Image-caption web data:
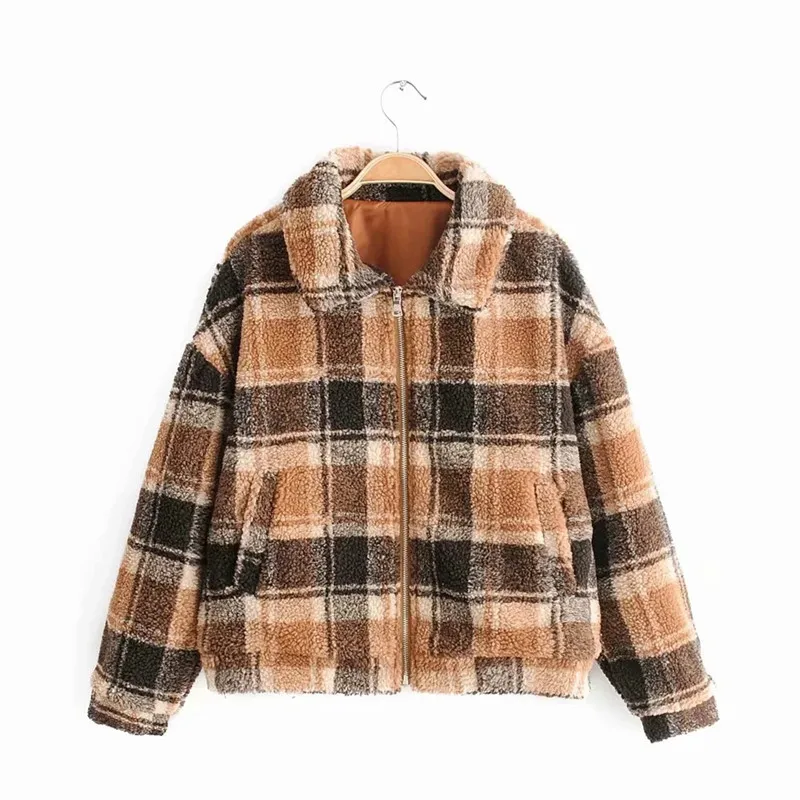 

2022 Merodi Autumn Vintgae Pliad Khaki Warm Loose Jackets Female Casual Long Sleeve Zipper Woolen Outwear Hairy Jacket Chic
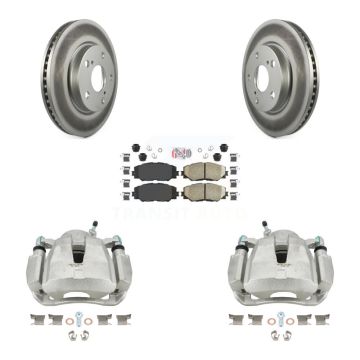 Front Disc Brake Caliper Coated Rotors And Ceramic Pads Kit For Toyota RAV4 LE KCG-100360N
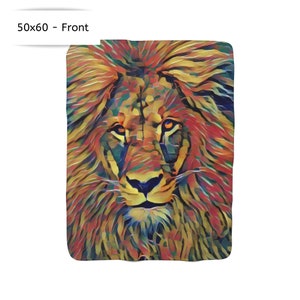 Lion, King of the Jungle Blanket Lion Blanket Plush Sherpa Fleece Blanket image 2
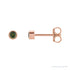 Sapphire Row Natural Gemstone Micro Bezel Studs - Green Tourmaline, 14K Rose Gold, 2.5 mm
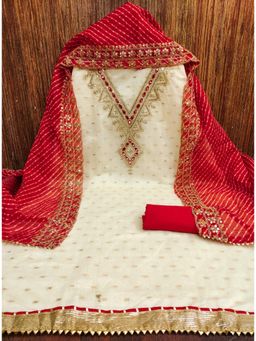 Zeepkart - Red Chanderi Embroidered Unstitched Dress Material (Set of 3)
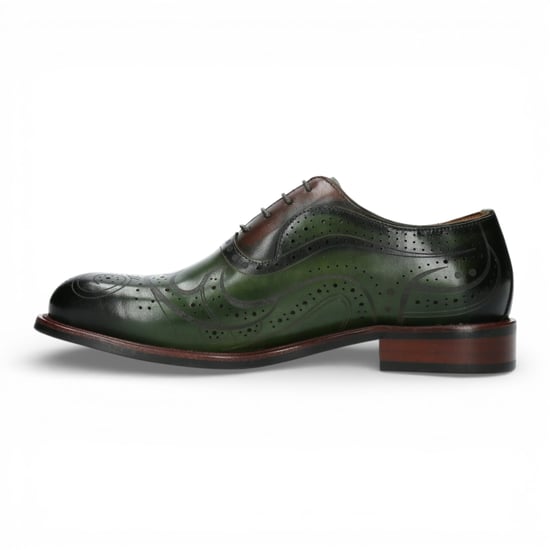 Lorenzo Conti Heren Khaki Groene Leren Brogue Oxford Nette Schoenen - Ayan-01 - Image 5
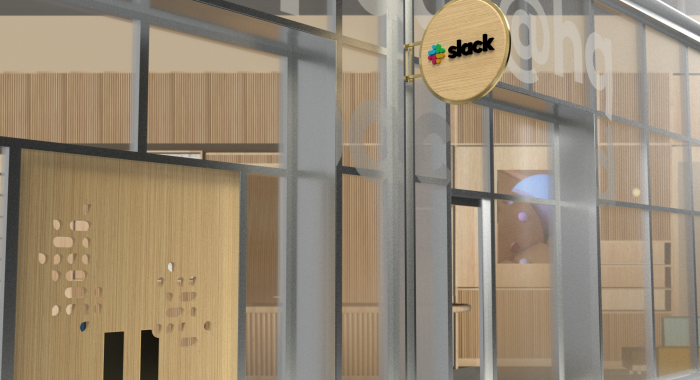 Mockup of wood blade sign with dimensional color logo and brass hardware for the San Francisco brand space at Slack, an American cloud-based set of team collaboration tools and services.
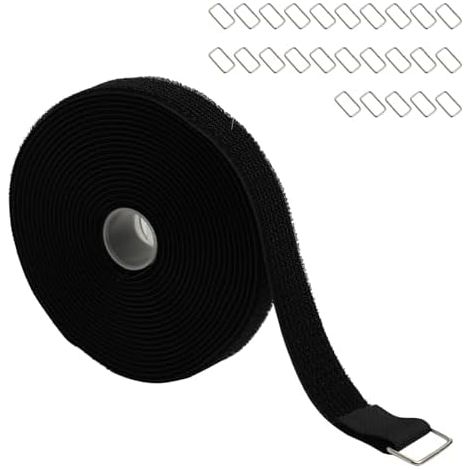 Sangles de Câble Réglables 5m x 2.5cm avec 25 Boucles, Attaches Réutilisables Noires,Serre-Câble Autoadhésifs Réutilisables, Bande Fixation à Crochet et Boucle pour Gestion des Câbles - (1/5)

▶ [WORK INSTRUCTION]: Lines wanted from the entries above: the one with "Lorenzo Conti Heren", the one with "Mockup of wood", and all lines between. Please copy them exactly, without the pictures and without anything else.

▶ [SOLUTION TO THIS TASK]:
 Lorenzo Conti Heren Khaki Groene Leren Brogue Oxford Nette Schoenen - Ayan-01 - Image 5
 Mockup of wood blade sign with dimensional color logo and brass hardware for the San Francisco brand space at Slack, an American cloud-based set of team collaboration tools and services.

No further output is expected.